(Atlantic) An inferno in Central Arizona proved too much, even for the shelters of 19-elite firefighters who lost their lives Sunday. Fire Officials say a wind shift and other factors caused the fire at Yarnell Hill, Northwest of Phoenix, which now spans almost 9,000 acres, to become erratic. Atlantic Fire Chief Mark Mcnees says fighting wildfires in this area compared to the one in Arizona does have its similarities. He remembers the raging wildfire that originated in western Pottawattamie County seven years ago.
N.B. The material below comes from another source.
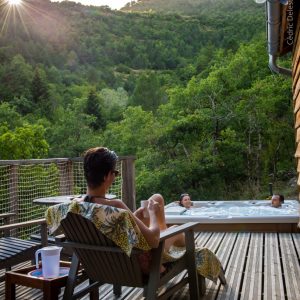 Hébergement insolite en Languedoc-Roussillon, avec jacuzzi et vue sur la montagne.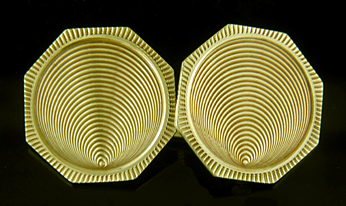Huger optical art cufflinks. (J9302)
“It is in the sense that you are battling nature and you are battling the elements,” stated Mcnees. “The CRP ground and some of the wooded areas we have around here would be the closest to that, but there is nothing like having 60, 80 and 100 foot trees going up all around you. They were trying to stop Mother Nature and that is really tough, opposed to what we are trying to do. Firemen have that mentality of trying to help…trying to help.”
“You are out there to help people and you know the risks and you try to minimize them,” said Mcnees. “Our number one goal is to bring everyone back. I am not going to risk my firefighter’s lives if there is not a real reward, so there has to be some reason you are going to put yourself on the line for that.
The wildfire, which is considered the deadliest in state history, is being fought by about 400 ground personnel and 100 incident-management staff.